Mitsushima was faced with the added challenge of presenting to audiences a mute horror lead, an interesting inverse of the ‘scream queen’ trope of Western horror films. As such, the actress relied on exaggerated body movements and more subtle facial expressions to communicate. In a scene which puts into question Kiroki’s presentation of events, Kiroki desperately tries to retrieve her brother from being sucked into a cinema screen. Distressed and frantic she is held down by audience members, until a sudden cut shows her actually being restrained in a mental institution – her arms and body resisting restraint by doctors, but her face blank and withdrawn from the chaos around her.


On tackling a role without using her voice for the first time, Mitsushima told Movie Walker, “When I could not speak words, my other feelings came out at their extreme, or perhaps I should say, I felt they were sharpened.”


The End of Summer (2013)


From uncertain realities to uncertain desires, Mitsushima  waded further into new territory in 2013 with the 1950s-set period drama The End of Summer. 

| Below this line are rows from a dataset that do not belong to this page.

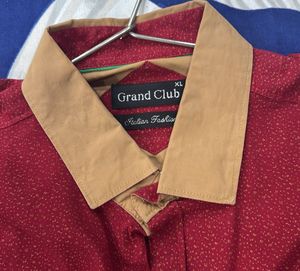 Stylish Red Dotted Button-Up Shirt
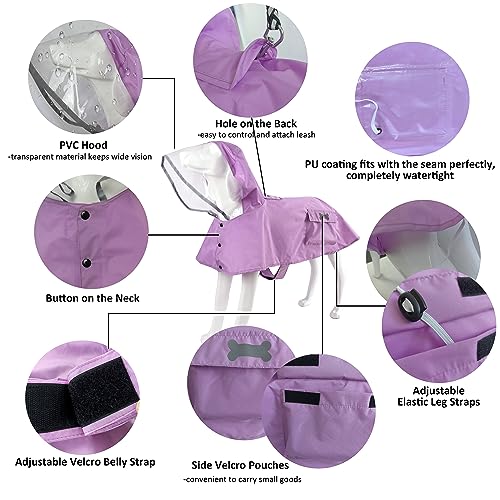 Waterproof Dog Raincoat (Light Purple / Large)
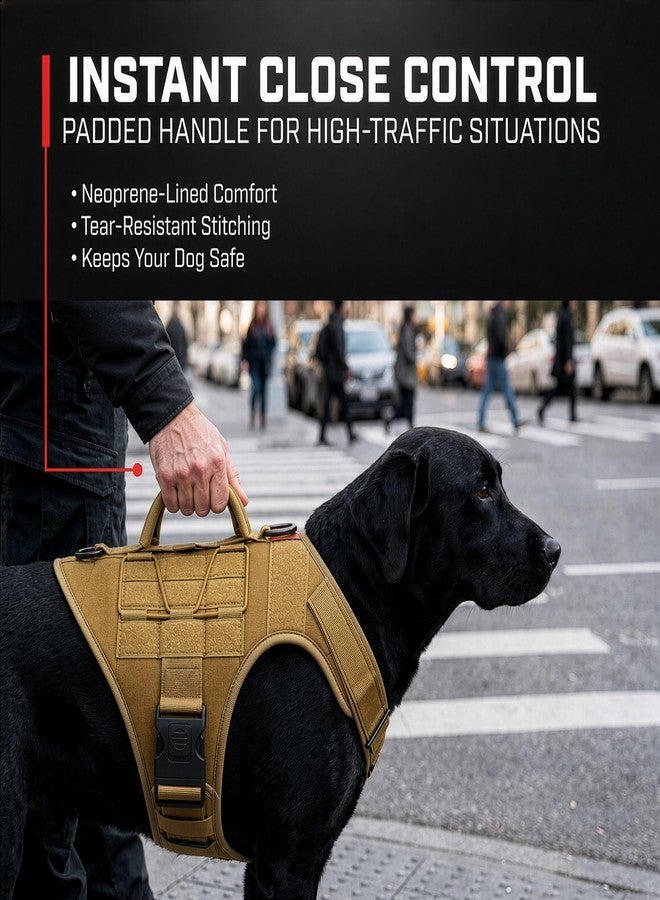Albcorp Tactical Dog Harness - Heavy Duty, No-Pull Training Vest for Large Breeds, Military Service Dog Vest with Front Leash Clip, Hook & Loop Panels, Padded Handle – Black, Large - Image 5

In the film, middle-aged kimono-maker Tomoko’s (Mitsushima, who undertook stencil dying lessons in preparation for the role) hatred of being alone sees her embroiled in two simultaneous romances. After leaving her husband and child suddenly, Tomoko enters an eight-year affair with married man Shingo (Kaoru Kobayashi), while also exploring a romance with the younger Ryota (Go Ayano). As Ryota begins to detest Tomoko’s relationship with Shingo, Tomoko is also no longer  content in being Shingo’s ‘other woman’. Emotionally exhausted and unsure as to what she wants, Tomoko reflects upon her romantic history.

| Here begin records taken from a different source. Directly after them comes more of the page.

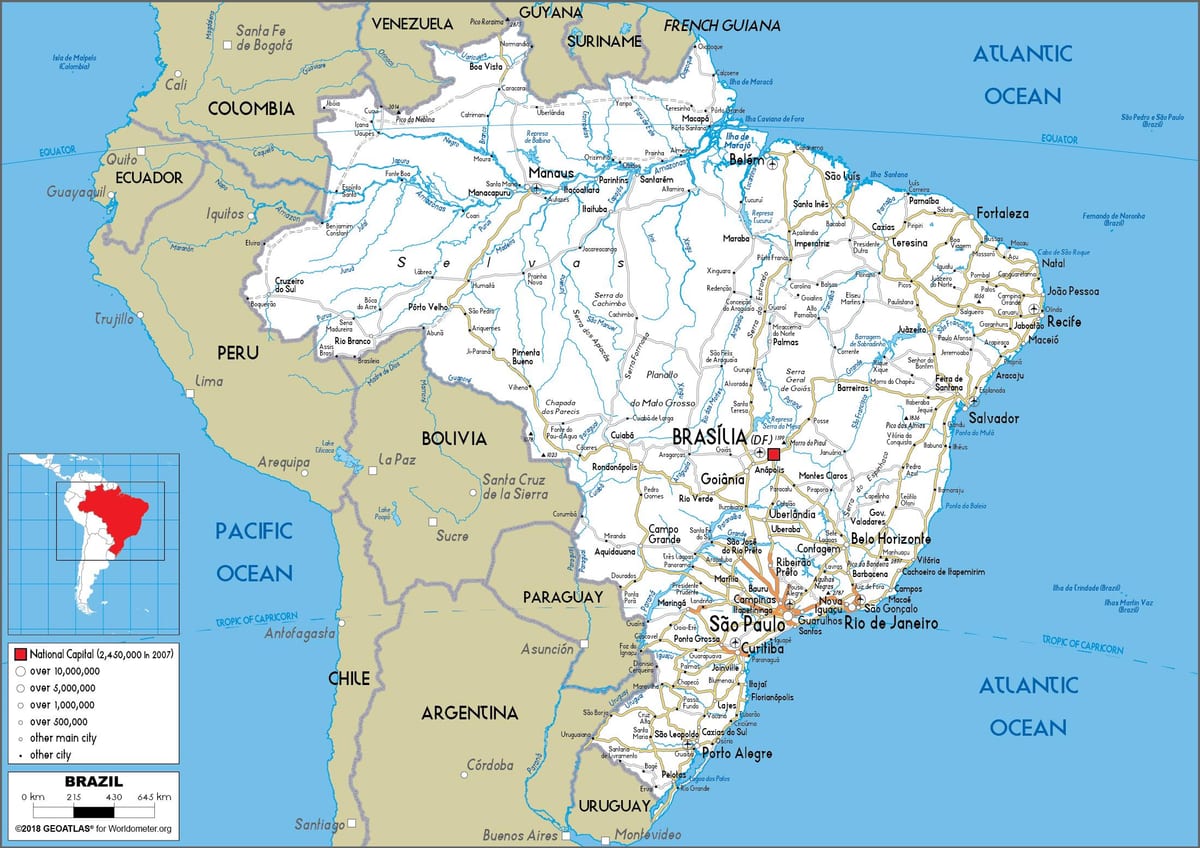 Brazilië gedetailleerde kaart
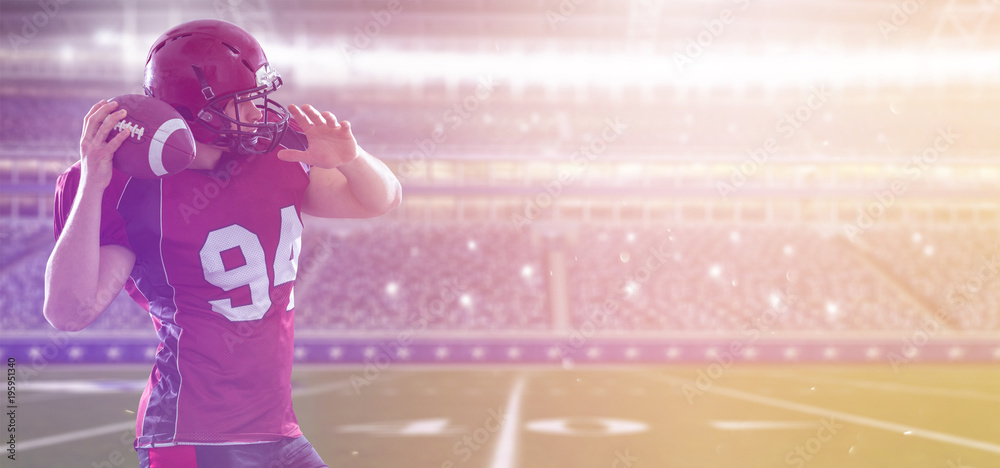 Εκτύπωση καμβά american football player throwing ball
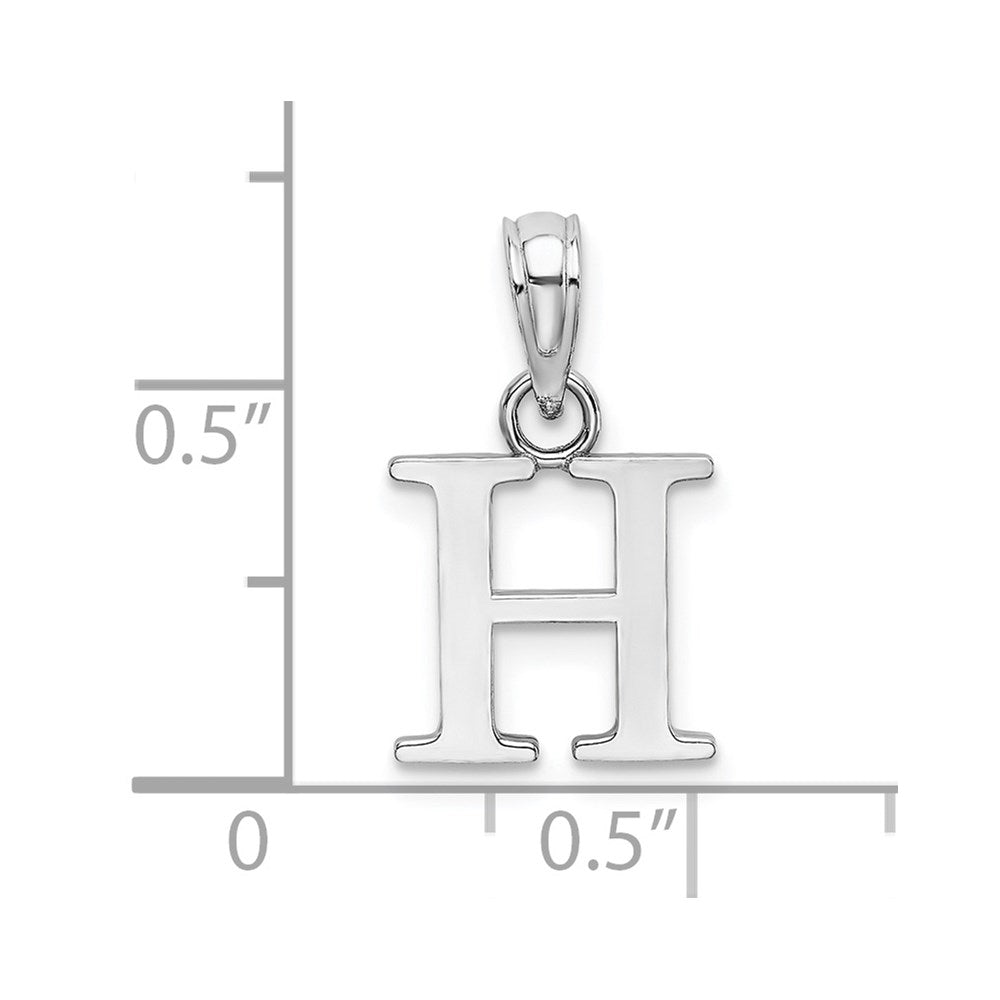 10K White Gold Polished Block Initial H Charm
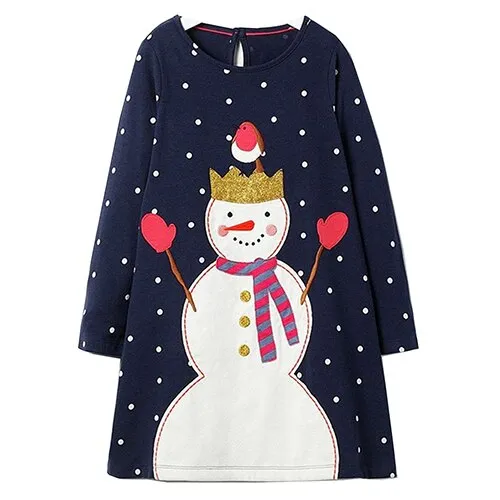 Christmas Dress Baby Girls Clothes Long Sleeve Girls Dresses Children Vestidos Character Pattern Princess Dress Kids Clothing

Although Mitsushima was already a well-established actress by 2013, she was still only in her 20s and says that she felt like a newcomer acting for the first time when it came to playing the much older Tomoko.


“I troubled Director [Kazuyoshi] Kumakiri many times with ‘I can’t do it because I don’t understand’,” Mitsushima recalled. “Sometimes I would get nervous when I saw the directors’ direct sight, sometimes I felt relieved, so I feel like I was bargaining every day.”

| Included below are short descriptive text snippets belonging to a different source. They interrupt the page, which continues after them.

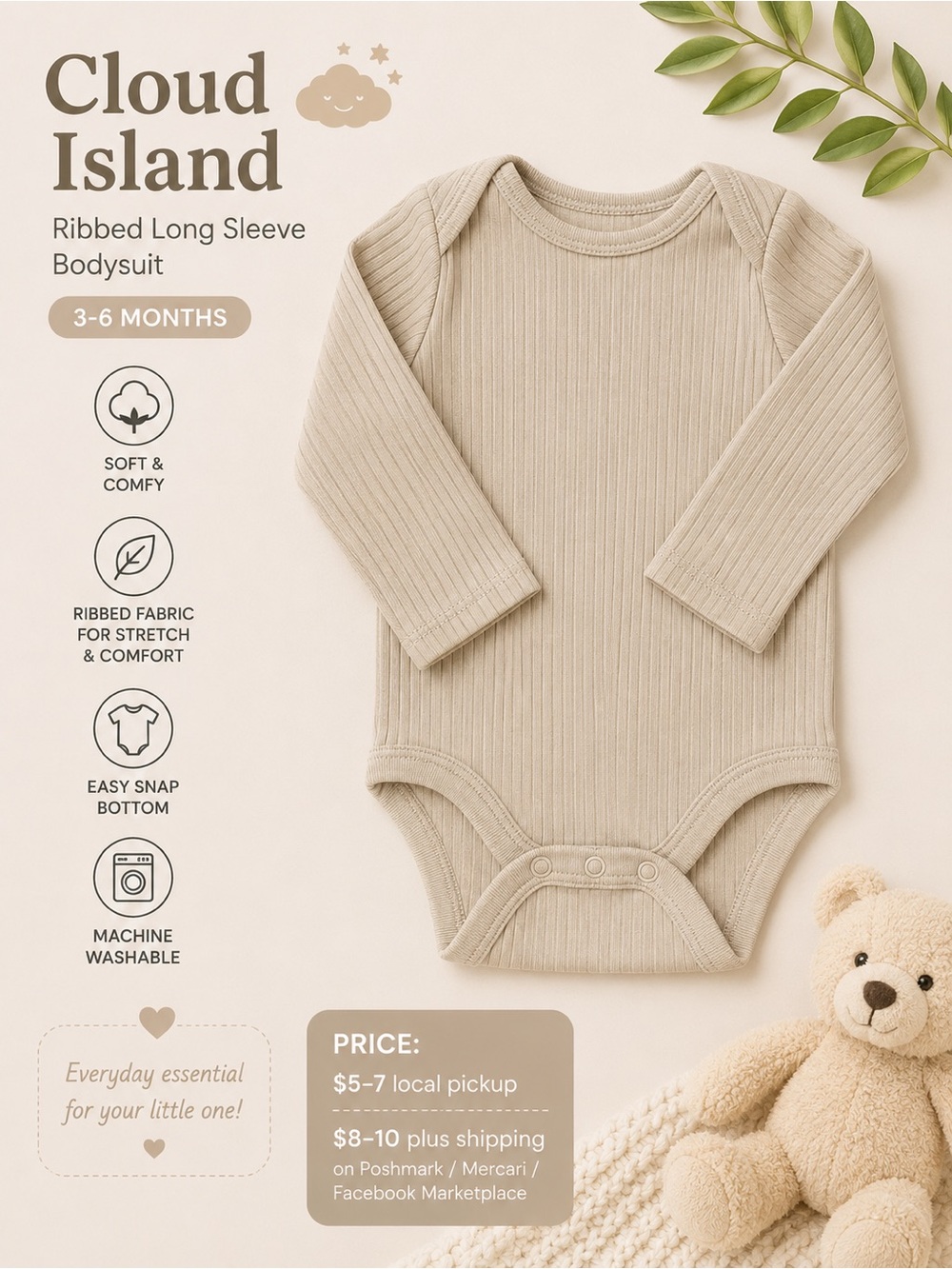 Island Ribbed Long Sleeve Bodysuit | 3–6 Months | Neutral Beige
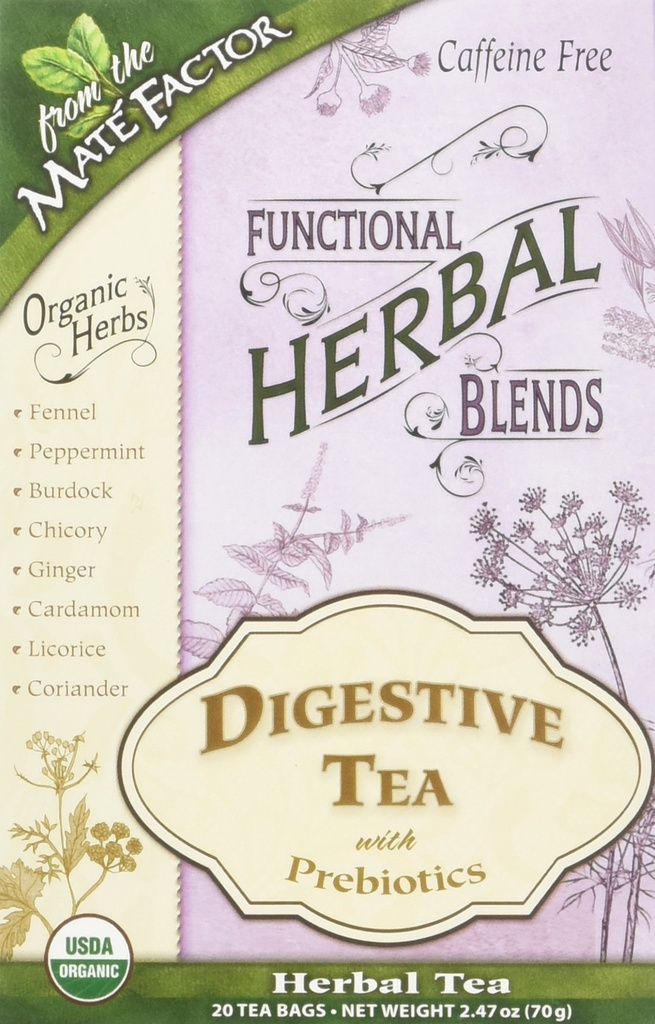 Mate Factor Functional Herbal Blends - Verdauungs-Tee mit Präbiotika 20 Tasche(S)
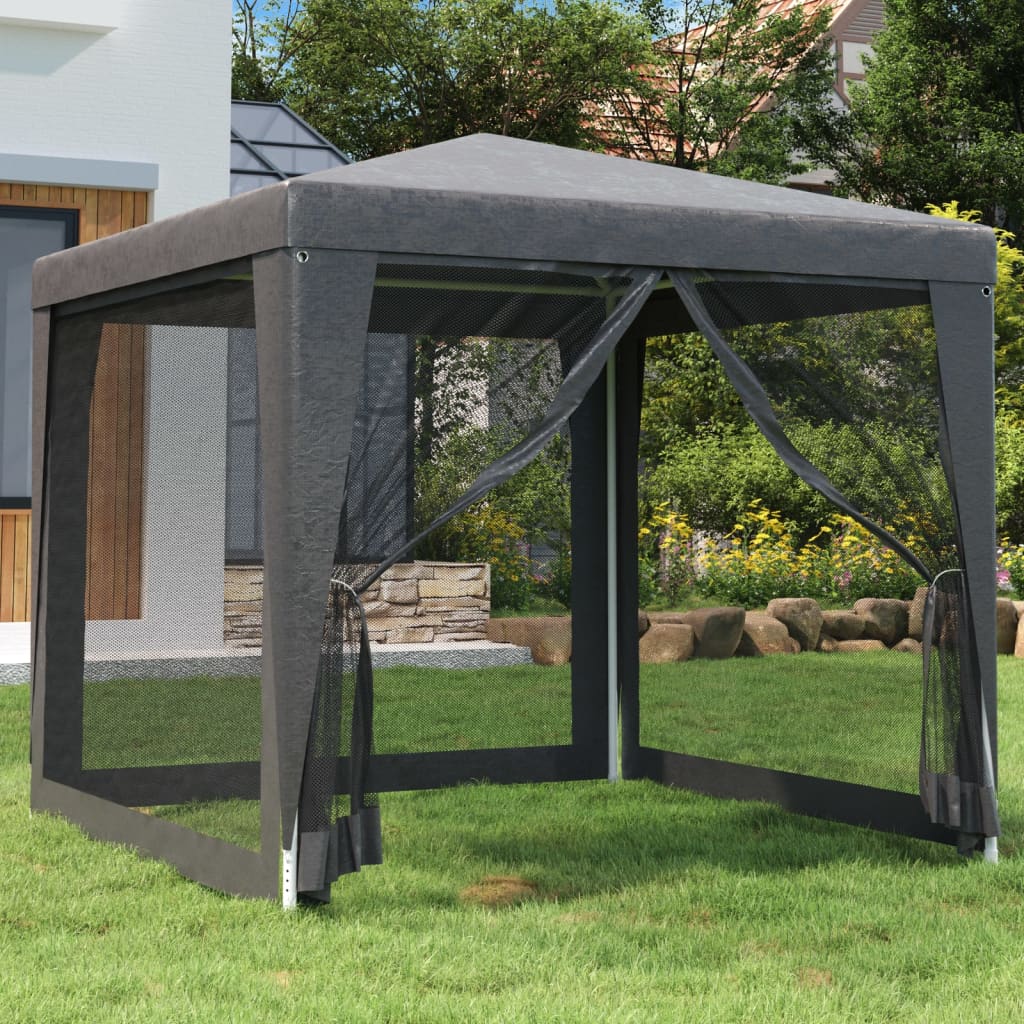 Carpa para fiestas 10 paredes de malla HDPE gris antracita 6x4m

Describing her as a “clumsy actress” who isn’t afraid to experiment with the script to bring “the character closer to herself”, director Kumakiri believes Mitsushima’s difficulty in portraying Tomoko actually led to a sense of deeper authenticity, reflecting the character’s own indecisiveness.


Such contextual differences, yet deeper similarities, between Mitsushima and her character make Tomoko’s development throughout the film feel more pronounced. Throughout the early stages of her relationships, Mitushima draws on her youthful energy to highlight Tomoko’s naivety and tendency for her emotions to overcome her. Later moments of Tomoko taking control of her independence display a restrained strength and maturity unseen in Mitsushima’s previous roles, and a sign that the actress is capable of digging deeper past  surface-level details to tap into the essence of her characters.



Since The End of Summer, Mitsushima’s big-screen output has slowed down. With just a few leading roles since 2013, most notably in 2017’s Life and Death on the Shore, Mitsushima seems to have turned her focus to television. In 2013 she was the lead in the award-winning drama Woman, and in recent years has appeared as part of ensembles in shows Prison Princesses and Quartet and had a small voice-acting role in the film Mary and the Witch’s Flower. 


With no films slated at the time of writing, Mitsushima’s next project is one which will see her recent dips into music and television collide. Mitsushima has been cast as the lead in Netflix’s upcoming 2022 romance drama First Love, based on the hit songs ‘First Love’ and ‘Hatsukoi’ by Japanese pop star Hikaru Utada. With Netflix’s worldwide accessibility to audiences and Utada’s name value in the West thanks to her work on video game series Kingdom Hearts, Mitushima looks set to add ‘drama lead’ to her growing list of recognised careers outside Japan.


Japanese sources and quotes translated by Canwei Hong.